**What you are asked to do:** All of the data below should be printed again exactly, pictures excluded.

**Information shown:**

-*-

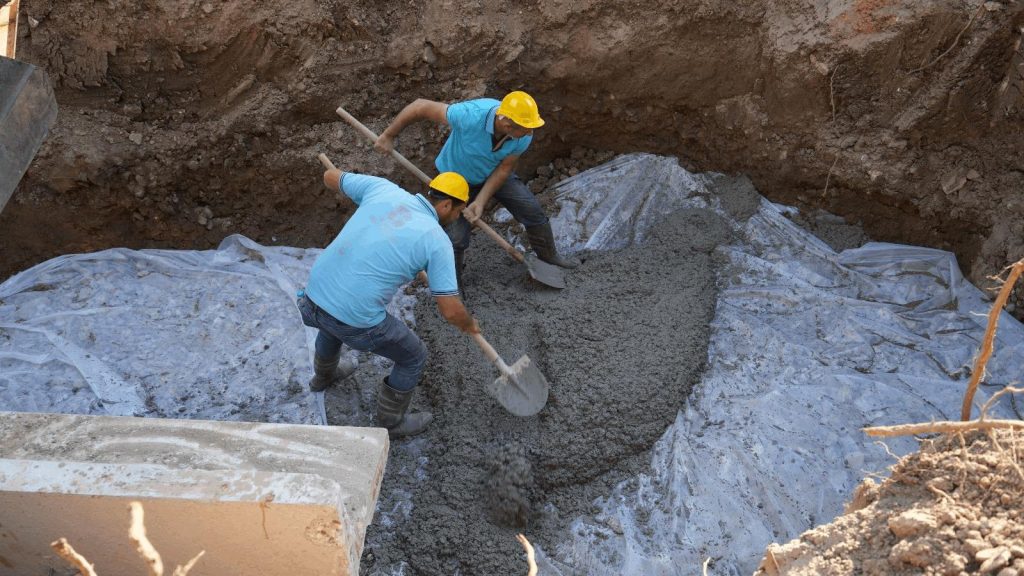 BASKİ ile Susurluk’ta İki Mahalle Kesintisiz Suya Kavuştu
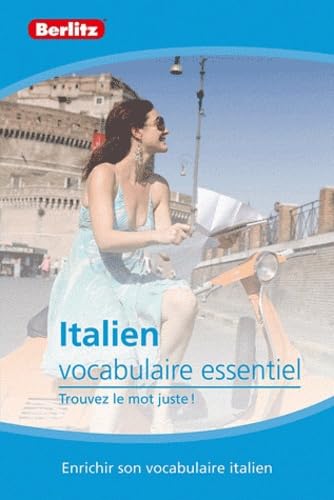 Italien: Vocabulaire essentiel Books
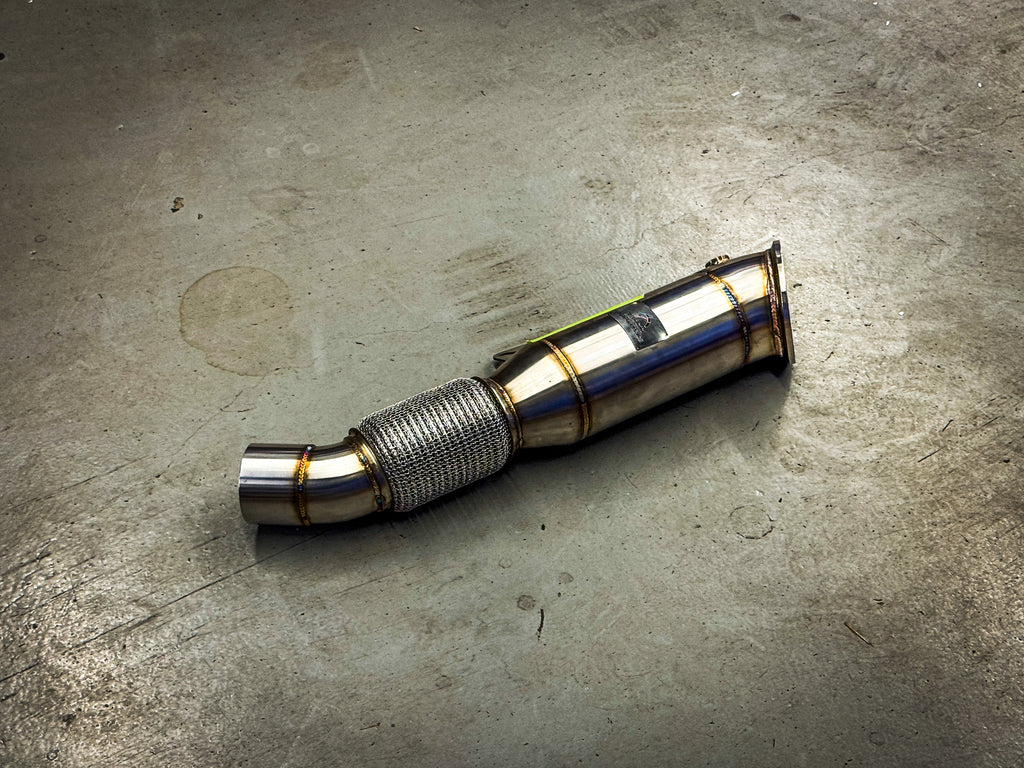 BMW B58 DOWNPIPE IN STOCK SAME DAY SHIPPING! 1/2/3/4/5/7 Series ALL Generations RWD & X DRIVE Models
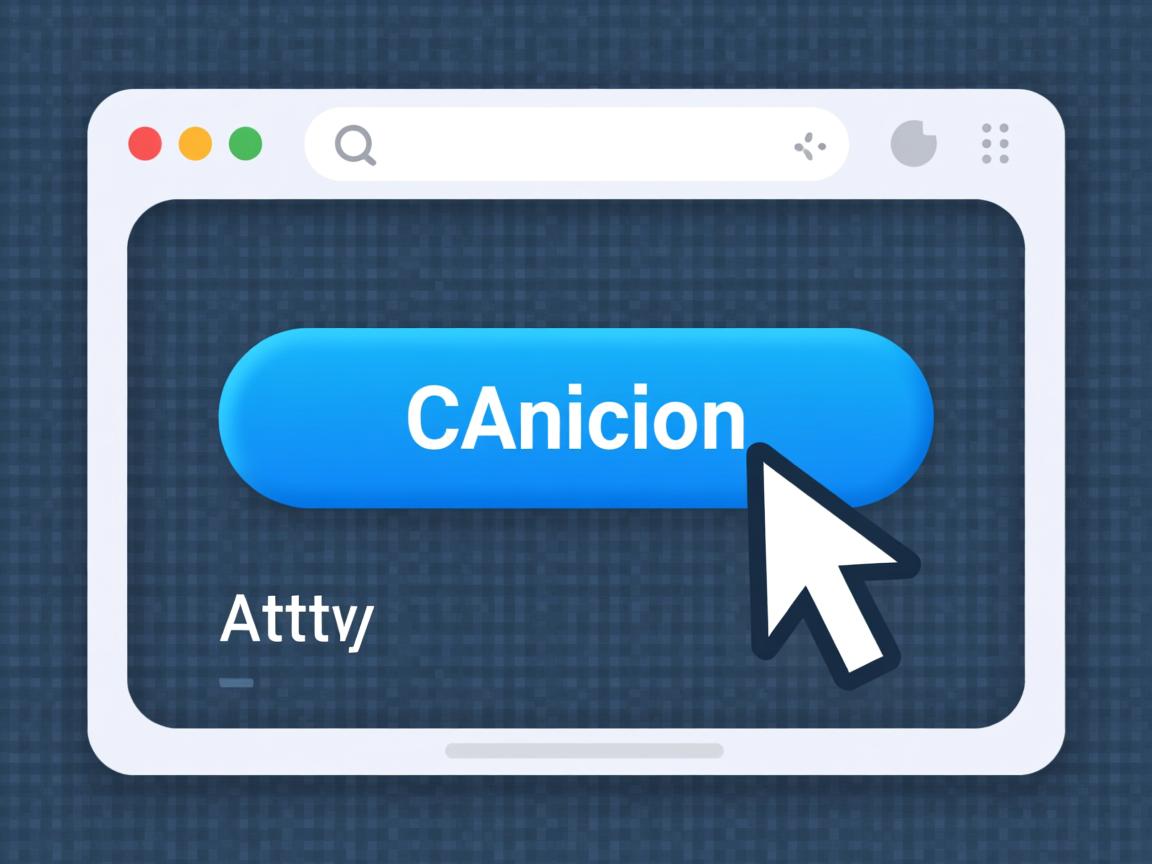 html如何取消按钮  第2张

-*-

**Task answer:**
 BASKİ ile Susurluk’ta İki Mahalle Kesintisiz Suya Kavuştu
 Italien: Vocabulaire essentiel Books
 BMW B58 DOWNPIPE IN STOCK SAME DAY SHIPPING! 1/2/3/4/5/7 Series ALL Generations RWD & X DRIVE Models
 html如何取消按钮  第2张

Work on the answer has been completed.